When I first met Alice ‘in Frames’ Zaslavsky, I originally wanted to know what her “top tips” were for eating like the environment actually mattered. I was curious: what does the kitchen of the food editor at The Weekly Review look like?
Small fridge, big difference
We start off at where all the good stuff lives: her small fridge. What’s the deal with that exactly? It forces Alice to shop small, which means she chucks out less food. “Having a small fridge has really helped because we can’t buy too much food, and naturally that keeps things fresh.” I mentally note that she probably has a smaller power bill too. Smart. Far too smart.
The next little appliance to catch my attention is the Thermomix, which Alice keeps on high rotation to whizz up bits and pieces in the fridge into soup. It’s part of her guiding philosophy to eat everything she buys, rather than deferring to recipes all the time. “And if you’re not sure if something will work – everything tastes good with eggs, butter, or bacon.” We mirror her grin on this one.
Her juicer takes the “eat the whole food” philosophy a step further, being the receptacle for “dodgy fruit” while the Thermomix churns up sorbet from overripe fruit. Back in the fridge, a jar of watermelon rind pickles awaits for a cheese feast. And for apples, well, I have to say I’m a little surprised when she downs the core too. “Extra fibre,” she says, before casually revealing the next thing to blow my mind in her freezer.
In an ice cube tray are home-made cubes of concentrated chicken stock, made from leftover bones (and yes, she also makes bone broth). Her small freezer means she prefers to reduce the stock down – a trick she learnt from legendary Michelin star chef Walter Trupp, who taught her how to cook. “If you’re going to eat an animal, respect it and use everything right?” That can also mean embracing offal, which she’s not afraid to eat (or add to her homemade dog food for her pooch Leopold).

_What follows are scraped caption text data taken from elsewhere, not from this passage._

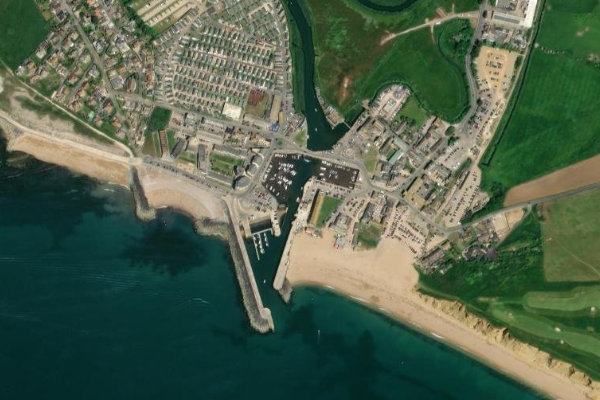 Satellitenbild der Umgebung von Bridport Harbour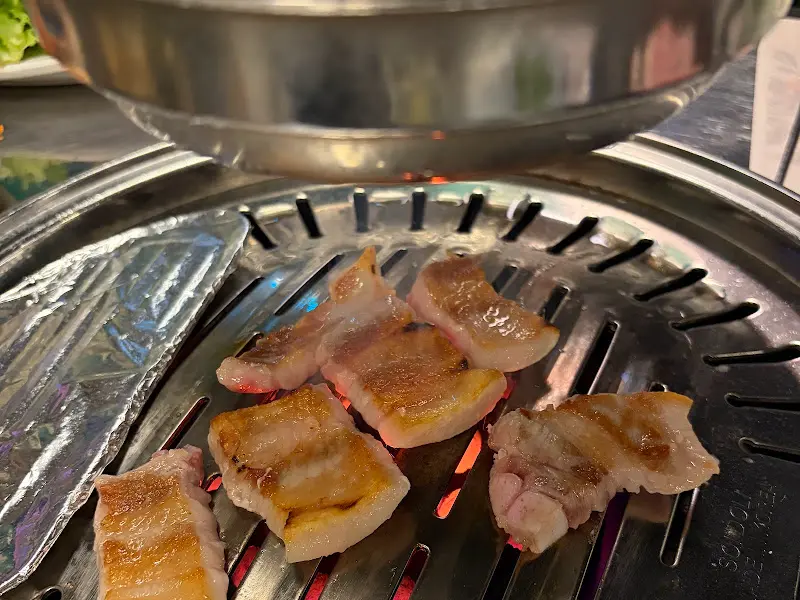 연탄불에 구워지는 삼겹살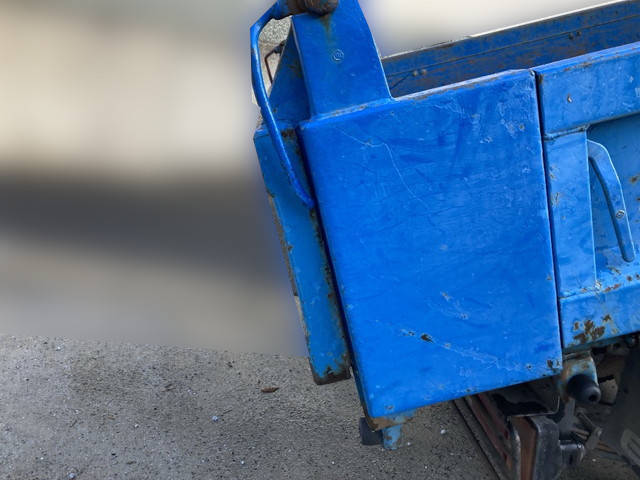 いすゞエルフダンプ小型（2t・3t）[写真05]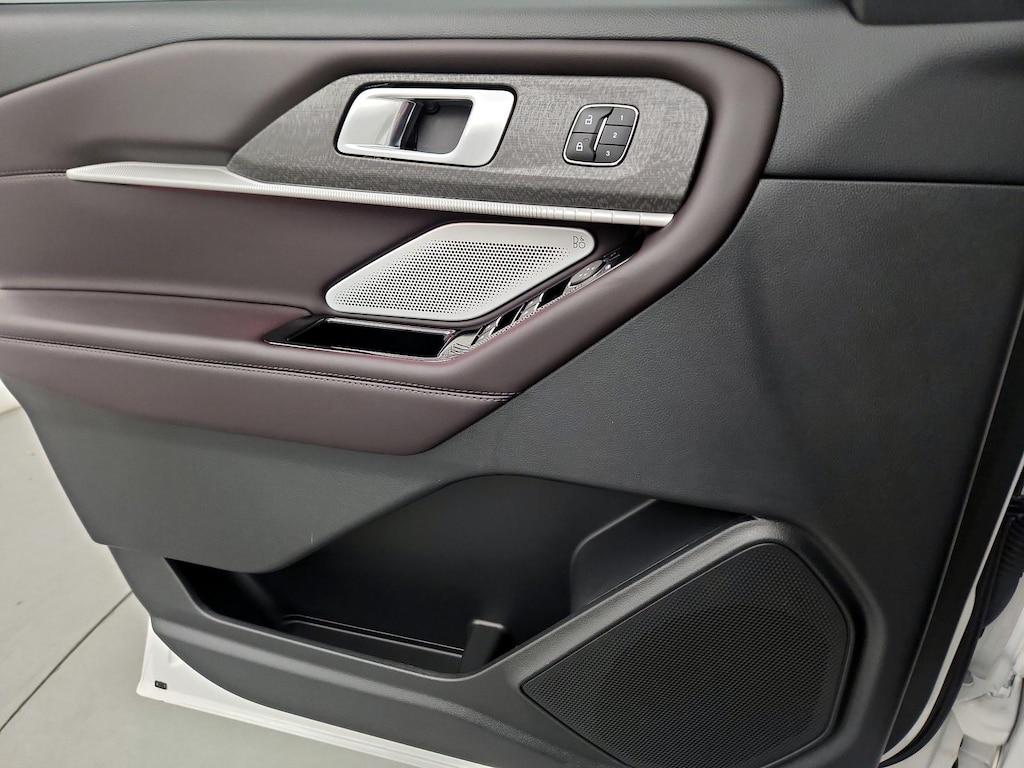 used 2025 Ford Explorer car, priced at $49,998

Speaking of dogs, Alice’s job eating her way around Melbourne means she’s a pretty keen doggy bagger too, extending the meaning of BYO to include her own container. And she’s always surprised when people overlook leftovers. “What most people don’t realise is that if you’re eating out, a lot of that food has been pre-prepared – they’re basically leftovers in a way. If you start to look at food like a chef – chefs actually don’t like to waste food because it’s bloody expensive. So think like a chef and start looking at leftovers more like pre-prepared bits and pieces.”
On growing up
Like many of us, Alice lives in an apartment, so it’s not as straightforward to grow her own veggies. But she does employ the services of Clo’ey, her closed loop electric composter that churns food scraps into fertile soil. “There’s something pretty damn magical about handing over this soil to my parents in law at Fallu Farm, and then getting this beautiful organic produce in return,” she says.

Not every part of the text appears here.